Bref, une semaine après le scrutin, Donald Trump n’a toujours pas concédé sa défaite. « Ce mot n’est même pas dans notre vocabulaire pour le moment, » a déclaré Jason Miller, un de ses conseillers. D’habitude, le président vaincu téléphone à son rival pour le féliciter et fait un discours aimable dans lequel il appelle à oublier les divisions. Pour l’instant, il agit comme s’il avait été réélu et vient de limoger le ministre de la Justice. D’autres sont sur la sellette, dont Christopher Wray, le directeur du FBI, et la patronne de la CIA.

Au sein de la Maison-Blanche, il y a apparemment deux clans qui s’opposent. L’un le pousse à admettre le résultat de l’élection, conscient qu’il y a peu de chance de le changer. L’autre, mené notamment par ses deux fils et Rudolph Giuliani, son avocat, l’encourage à tout mettre en œuvre pour contester le scrutin. De son côté, Melania a publié un tweet qui soutient son mari.

Trahi par Fox News

Au fil des jours pourtant, le président apparaît de plus en plus isolé. Depuis les élections, on a très peu vu Mike Pence, le vice-président. Benyamin Netanyahou, le Premier ministre israélien, qui a courtisé tant et plus son homologue américain a tweeté qu’il « attendait avec impatience de travailler avec » Biden. Lundi en fin d’après midi, Fox News a stoppé la retransmission d’une conférence de presse de la porte-parole de la Maison-Blanche qui ressassait les accusations de fraude sans fondements. « À moins qu’elle n’ait plus de détails pour étayer ses dires, je ne peux pas en toute bonne foi continuer à vous montrer ce point de presse », a déclaré le présentateur. Fox News qui censure le président, on aura tout vu !

Ces derniers jours, Donald Trump aurait discuté de la possibilité de nouveaux meetings électoraux pour mobiliser ses troupes. Et son équipe envoie dix textos et e-mails par jour à ses supporteurs pour solliciter des dons pour son « Fonds de défense des élections ». Il a aussi annoncé de nouveaux recours en justice. Malgré ses menaces, il n’a toujours pas lancé un recomptage des voix dans le Wisconsin, peut-être parce qu’il est un peu effarouché par la facture de 3 millions de dollars.

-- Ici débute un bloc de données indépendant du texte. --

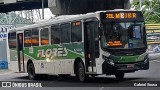 Transportes Flores RJ 128.404 na cidade de Rio de Janeiro, Rio de Janeiro, Brasil, por Gabriel Sousa. Número da foto: #:id.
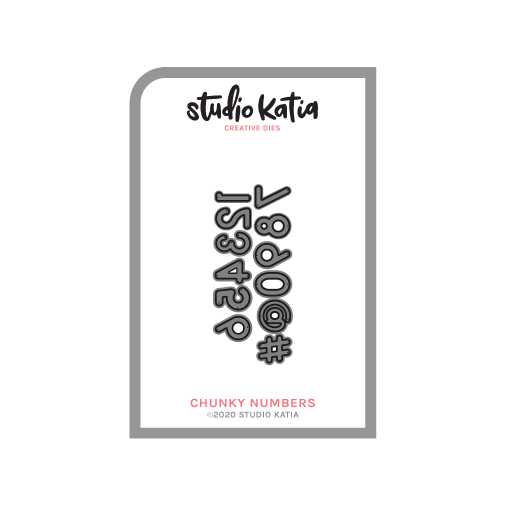 Chunky Numbers - Die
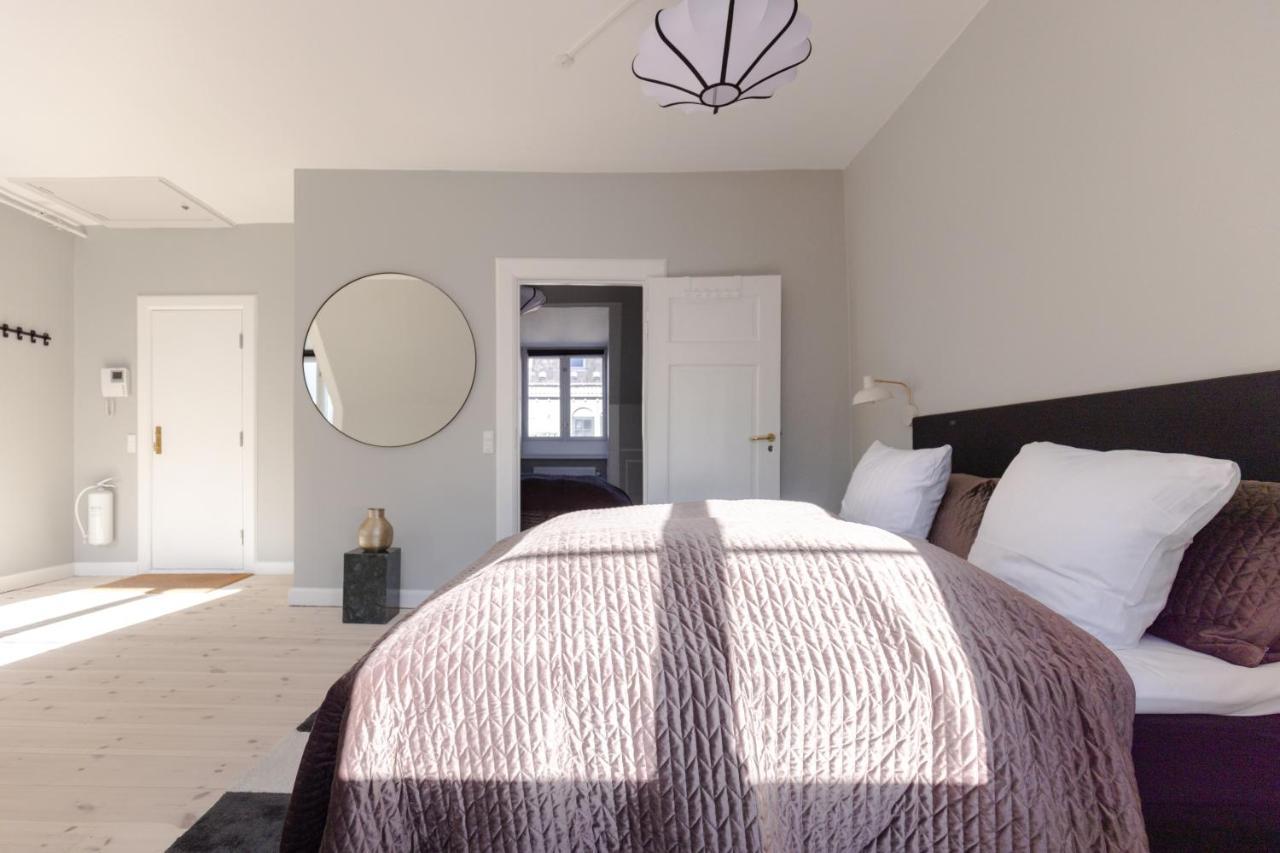 Luxury W Privat Rooftop Terrace - Cph C Appartement Copenhague
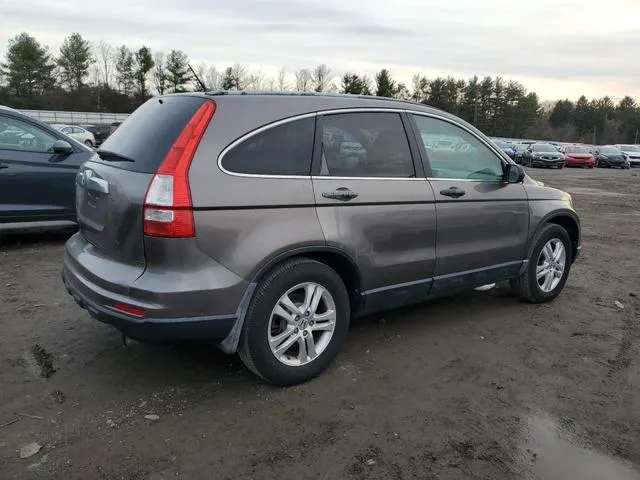 3CZRE3H51AG703124 2010 2010 Honda CR-V- EX 3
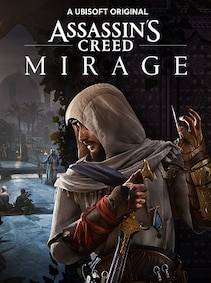 Assassin's Creed Mirage (PC) - Ubisoft Connect Key - EUROPE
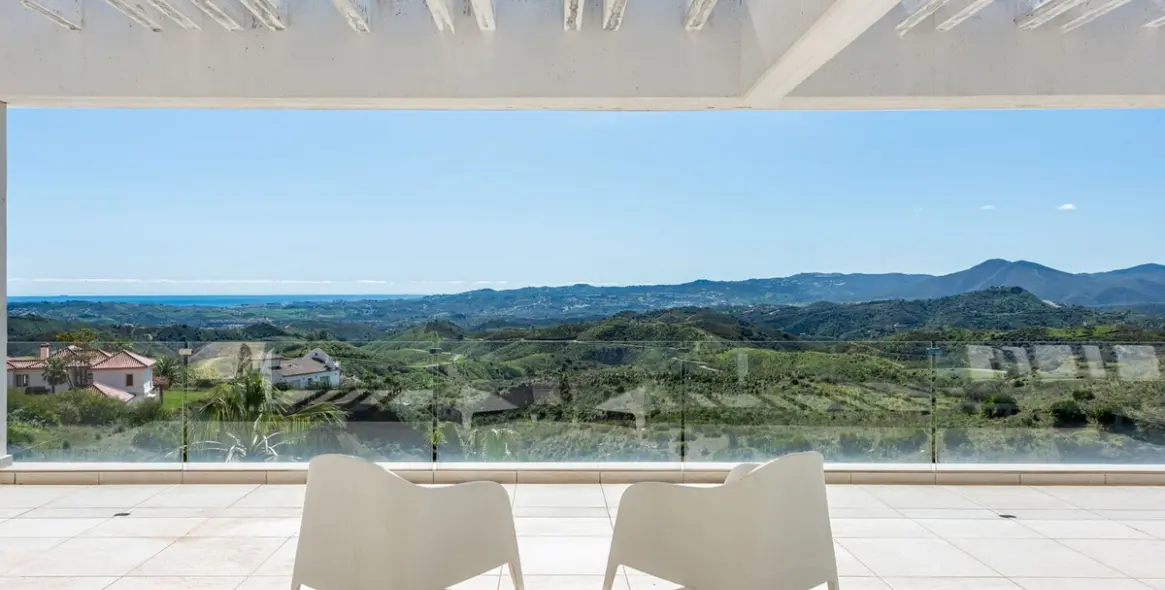 Продажа  отдельно стоящей виллы в Mijas 4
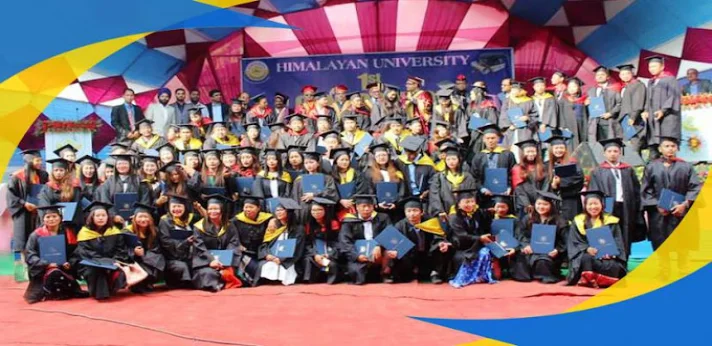 Himalayan University Itanagar Seminar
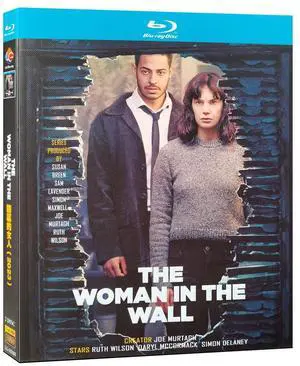 international version Blu-ray The Woman in the Wall (2023) BD English pronunciation English subtitles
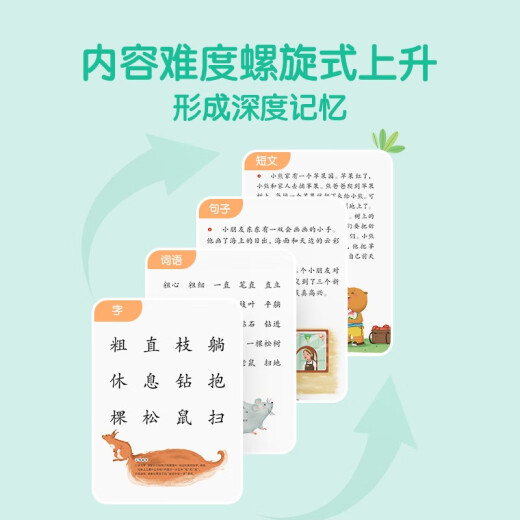 【全新正版】【极速送达】学而思 摩比爱识字 摩比爱数学家族产品 幼儿识字 幼小衔接学前识字启蒙  从零识字实现自主阅读（7册）1000个高频字 1048个词语 95个音频 400+字词卡 艾宾浩斯遗忘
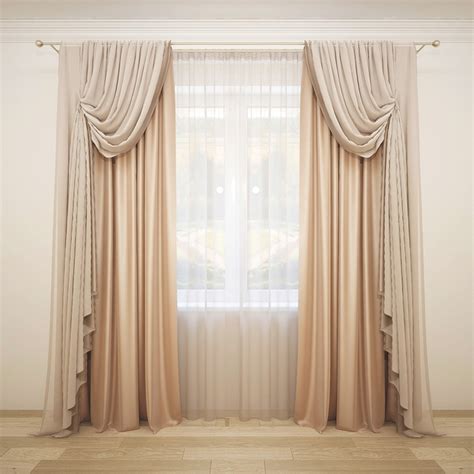 Curtain 76 - Download the 3D Model (19387) | zeelproject.com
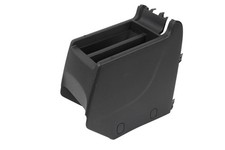 Verkleidung Mittelarmlehne schwarz VW Tiguan 5N Ablagefach 5N0863323J/L 12 Volt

L’offensive judiciaire est décidément moins sophistiquée que l’énorme machine montée par James Baker en 2000 en Floride. Cette grande figure politique, qui a été notamment secrétaire d’État de Bush père, avait rassemblé en un temps record une armada de stars républicaines du barreau, parmi elles, trois futurs membres de la Cour suprême, pour combattre Al Gore.

Donald Trump, lui, a nommé David Bossie, un de ses conseillers qui, juste après sa nomination, a été testé positif. L’avocat jusqu’ici le plus visible est l’inénarrable Rudolph Giuliani, l’ex-maire de New York et âme damnée du président, connu pour ses déclarations à l’emporte-pièce. Samedi, le président Trump a annoncé via Twitter « une grande conférence de presse » au Four Seasons à Philadelphie organisée par Giuliani. Il a ensuite corrigé son message en disant qu’elle aurait lieu non pas à l’hôtel chic, mais devant le Four Seasons Total Landscaping, un pépiniériste coincé entre un sex-shop et un crématorium. Est-ce une erreur des équipes ? En tout cas, la twittosphère en a fait des gorges chaudes.

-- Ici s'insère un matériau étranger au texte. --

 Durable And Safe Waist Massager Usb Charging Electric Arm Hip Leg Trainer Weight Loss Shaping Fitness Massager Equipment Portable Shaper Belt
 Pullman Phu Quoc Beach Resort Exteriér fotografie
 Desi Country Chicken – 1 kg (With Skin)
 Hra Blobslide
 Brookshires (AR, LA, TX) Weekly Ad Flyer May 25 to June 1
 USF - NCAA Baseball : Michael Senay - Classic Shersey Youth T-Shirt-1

Depuis les élections, les avocats de Trump ont lancé plusieurs recours, mais sans grand succès. Certains ont été rejetés par les juges, faute de preuves. Au grand dam de ses partisans qui dénoncent le manque de préparation des équipes de juristes. « Ces recours sont conçus pour permettre à Trump de sauver la face et pour qu’il puisse ainsi dire au final qu’il a perdu, car les élections ne se sont pas jouées à la loyale », résume un de ses conseillers, au Washington Post.

Donald Trump peut au moins se targuer de maintenir son pouvoir sur le parti. À part quelques pontes, dont l’ex-président George W. Bush, qui l’ont appelé à reconnaître sa défaite, la plupart des républicains sont restés silencieux.

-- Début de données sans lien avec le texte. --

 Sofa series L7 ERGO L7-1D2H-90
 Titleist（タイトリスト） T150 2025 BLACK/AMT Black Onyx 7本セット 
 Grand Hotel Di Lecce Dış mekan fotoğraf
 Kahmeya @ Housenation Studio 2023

Ça promet une passation des pouvoirs agitée. Le président Trump a interdit aux membres de ses différents ministères de coopérer avec les équipes de Joe Biden, comme le veut la tradition, pour préparer la transition. Signe que le président n’est quand même pas tout à fait sûr de rempiler, il aurait, selon le site Axios, déjà dit qu’il pensait se représenter en 2024.